October 7th, 2014 · 11 Comments · General Beer News

Warning: this post is for beer or stat geeks only. It is also probably a waste of time, but as someone who deals with analyzing numbers for his day job I couldn’t help but put a little effort into this. 

2014 GABF Medal Ratio2A post by Jeff Alworth over at Beervana yesterday got me thinking. Jeff took a look at the number of medals won by each state at this year’s GABF and then wondered about the distribution of medals and if the results mean that “…a very few states seem to be way out in front in terms of making making medal-earning beers.”

Looking at the medal results, the top 5 states, CA, CO, OR, TX and PA, took home exactly 50% of the medals from the 2014 GABF competition. Without taking anything else into consideration, that is certainly impressive. But, how many beers did each state enter into the competition? That is the key piece of data that might give us some insight into the numbers.

I reached out to the Brewers Association for help, and while they understandably don’t want to divulge exact details on all of the beers entered into the competition, they were happy to provide the total number of beers entered by each state.

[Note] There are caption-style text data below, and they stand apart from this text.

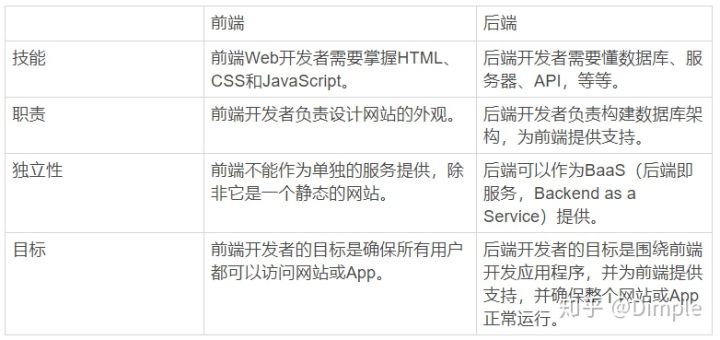独立开发者网站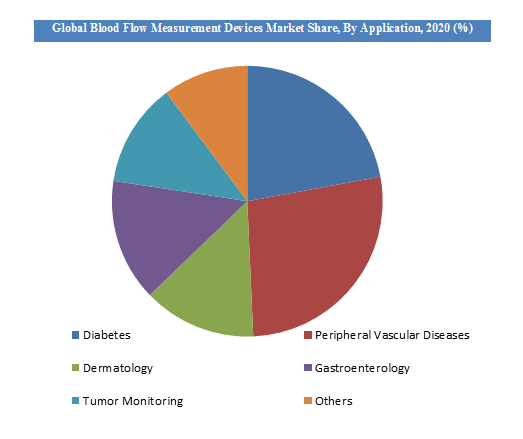 Blood Flow Measurement Devices Market Share By Application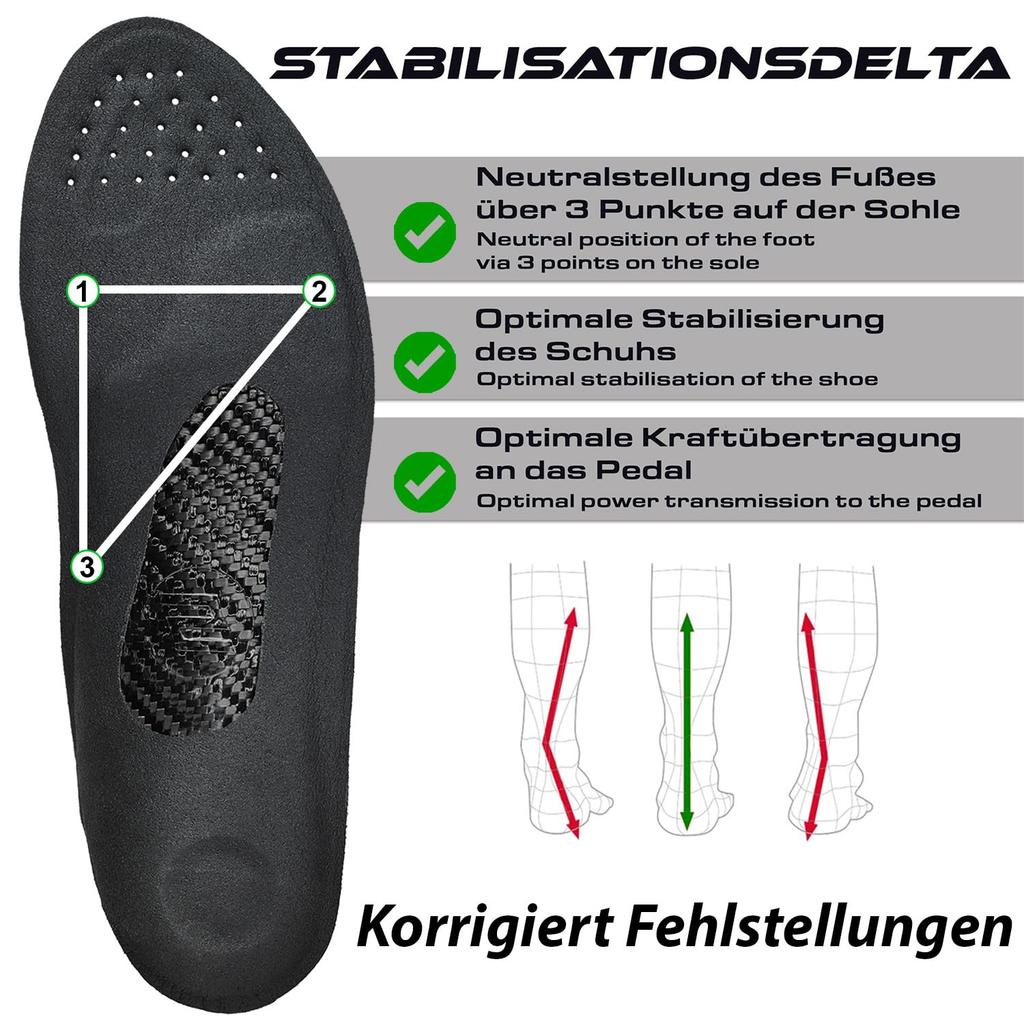 SOLESTAR Cycling BLK Black Size Width Insoles, II, 2, 41, 8.9cm/Length 26.1cm, BLK2-41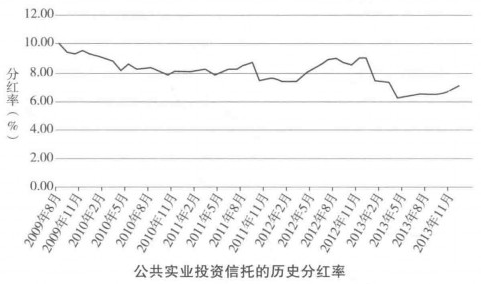 公共实业投资信托历史分红率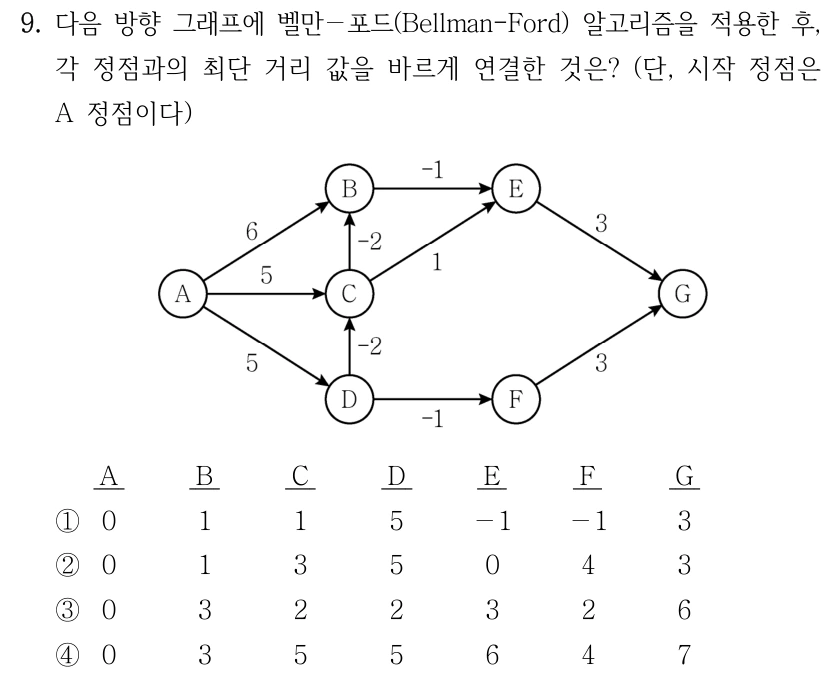 9. 다음 방향 그래프에 벨만－포드(Bellman-Ford) 알고리즘을 적용한 후, 각 정점과의 최단 거리 값을 바르게 연결한 것은? (단, 시작 정점은 A 정점이다) A B C D E F G ① 0 1 1 5 －1 －1 3 ② 0 1 3 5 0 4 3 ③ 0 3 2 2 3 2 6 ④ 0 3 5 5 6 4 7 방향과 가중치: A→B(6), A→C(5), A→D(5), C→B(-2), D→C(-2), B→E(-1), C→E(1), D→F(-1), E→G(3), F→G(3). 시작정점은 A이며 선지 표는 A,B,C,D,E,F,G 순서이다.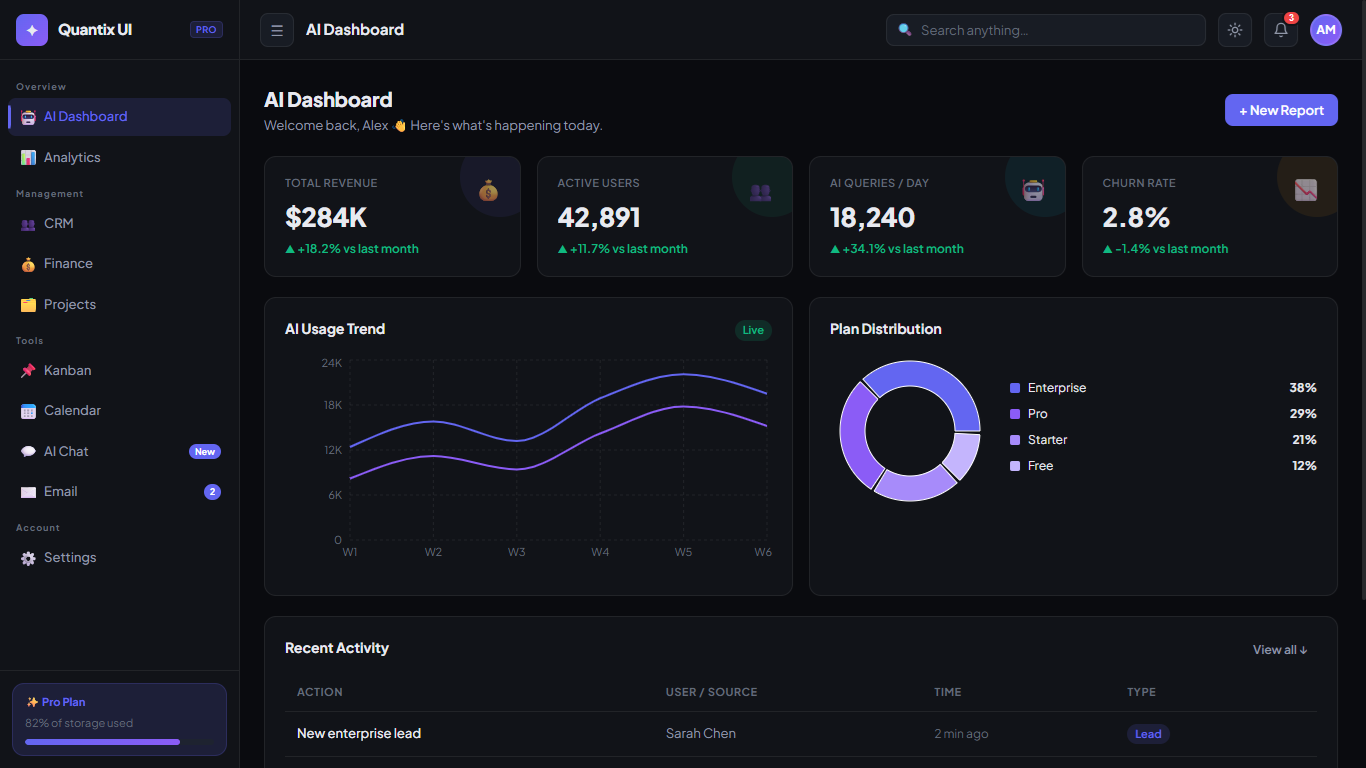 Quantix Pro — Premium Admin Dashboard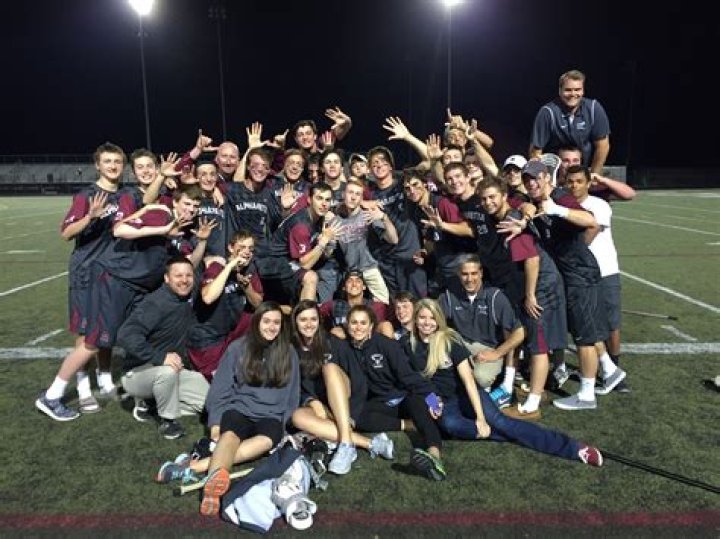 Mens Lacrosse Recruiting | Alpharetta High School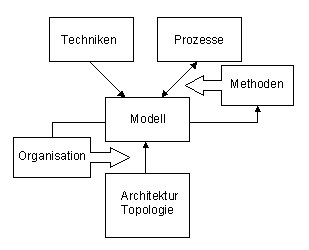 Prinzipschema UML, umlover.GIF (1940 Byte)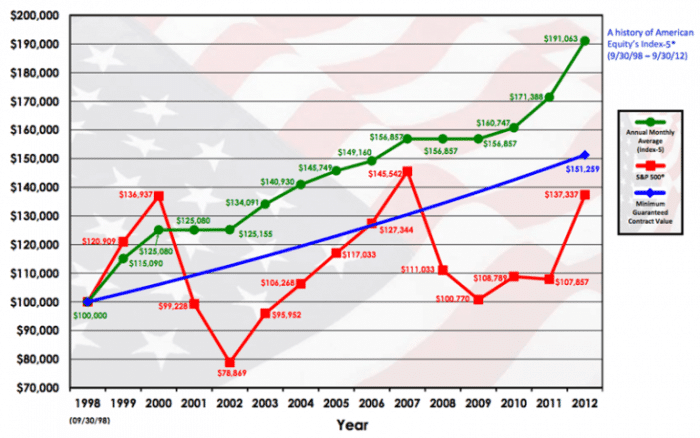 Variable Annuity Vs Indexed Annuity 2024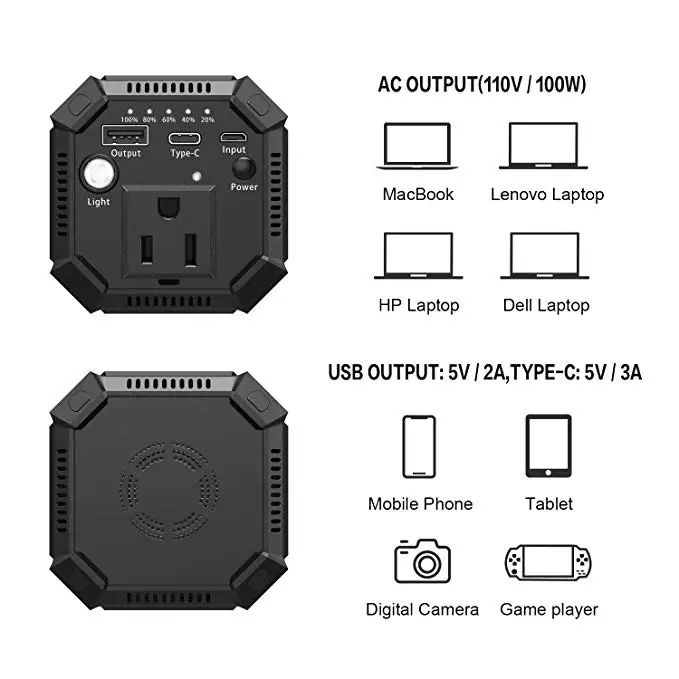 31200 мА/ч Мощность Bank внешняя Батарея повербанк USB светодиодный банк Портативный
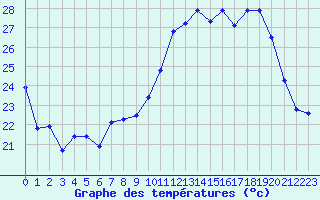 Courbe de tempratures pour Nmes - Garons (30)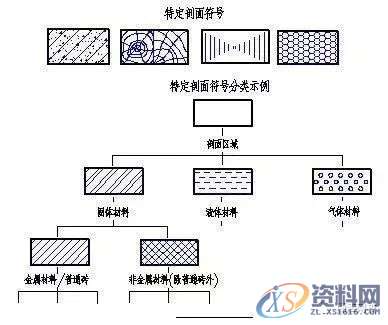 模具设计-模具图纸剖视图的种类及画法,剖视图,画法,模具设计,图纸,第8张 模具设计-模具图纸剖视图的种类及画法,剖视图,画法,模具设计,图纸,第8张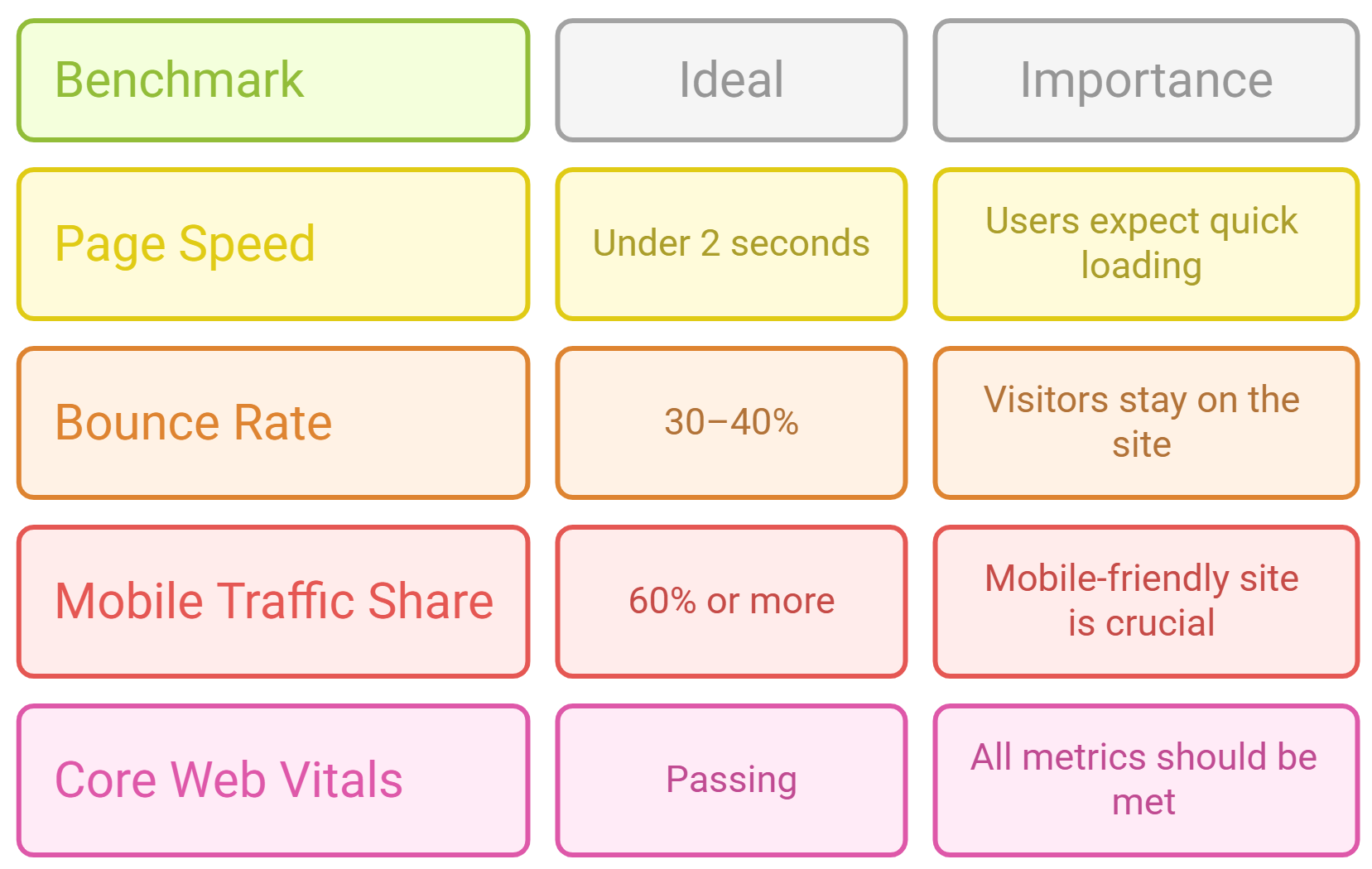 Best Wordpress SEO London Providers for Optimizing WooCommerce Stores 8 Technical SEO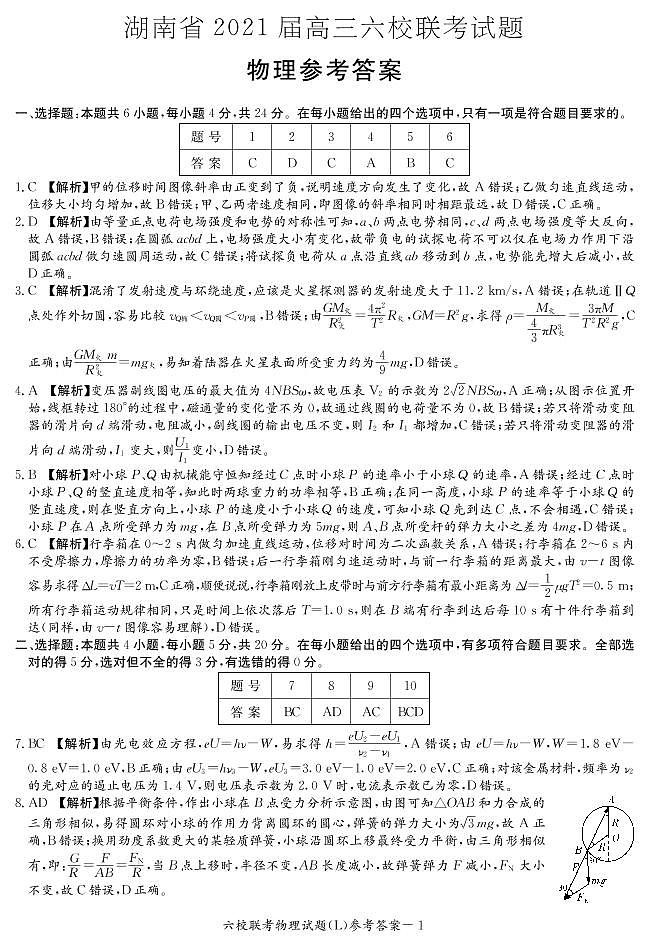 2021届湖南省六校高三4月联考物理答案第1页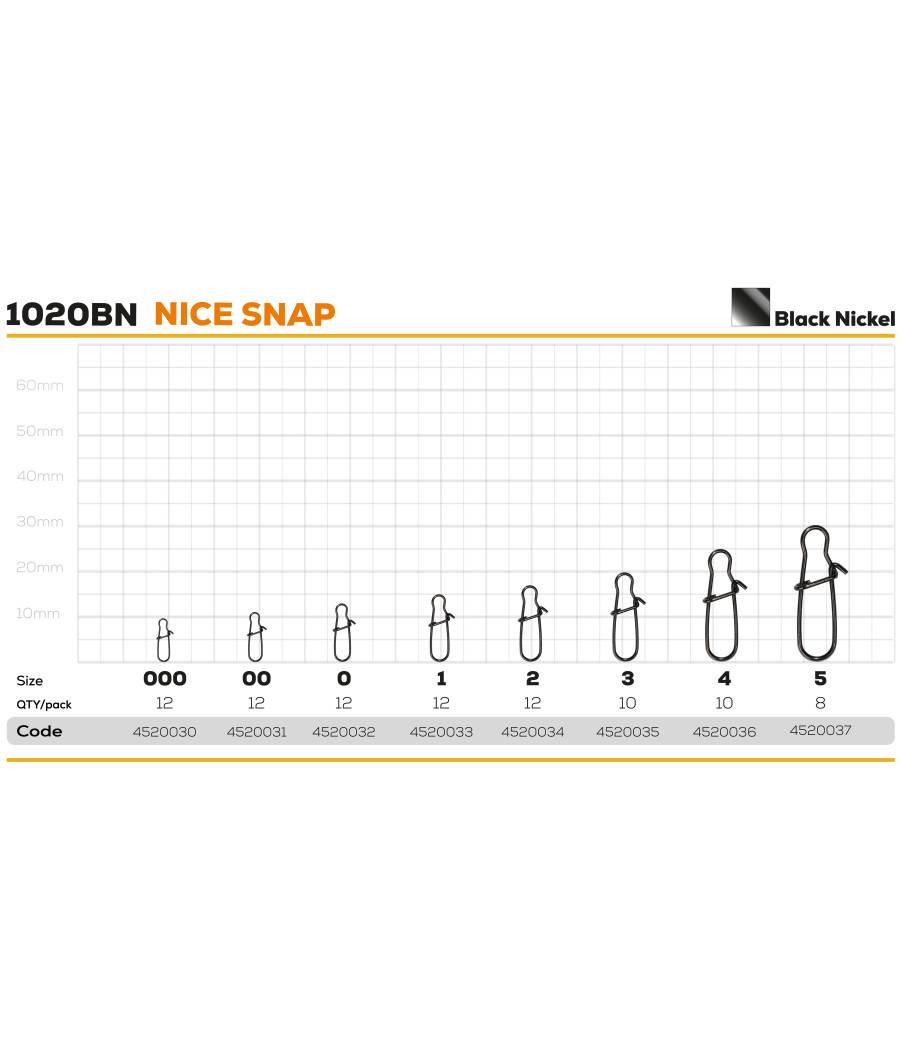 Застёжка GC Nice Snap 1020BN №2 (12шт)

That gives us a meaningful comparison of the number of beers entered vs. the number of medals won.

The table above (click on it to see a larger image) shows a comparison of the ratio of the number of medals won vs. the number of medals entered, as well as a comparison of the total % of entries vs. the total % of medals for each state.

So, what sticks out?

  • California submitted the most entries, but they didn’t win any more medals than they “should have”. They accounted for 17.2% of the entries and 17.2% of the medals, which is a perfectly average win %.
  • Oregon, Colorado and Pennsylvania had a substantially higher (>= 1.0%) “win percentage” than most states. Oregon’s showing was particularly impressive, winning 8.2% of the medals but submitting just 5.1% of the entries. To me, that confirms what Jeff A. was getting at: Oregon breweries do indeed kick more ass than average.
  • Arizona, North Carolina, Florida, New York and Ohio had a substantially lower (<= -1.0%) win percentage than most states. Arizona submitted 2.1% of the total entries but took home just 0.4% of the medals.
  • I’ll fully admit that the main reason for me doing this is wondering why Washington “only” took home 10 medals when we have the 2nd most breweries in the US. It turns out that our breweries submitted 214 beers total, good for the 6th most of any state. The 10 medals won represents 3.7% of the total medals vs. submitting 3.8% of the total entries. So, the win percentage is just about average. A discussion on why WA breweries don’t enter more beers is probably worthy of a whole separate thread.
  • Looking at just gold medals, WA actually led the way in “Gold Medal Ratio” for the 18 states submitting at least 100 beers. WA won 6 gold medals for a 2.8% ratio vs. # of beers entered. PA was next best at 2.5% and then OR at 2.4%. CA had the most gold medals with 15, which equals a 1.6% gold medal ratio.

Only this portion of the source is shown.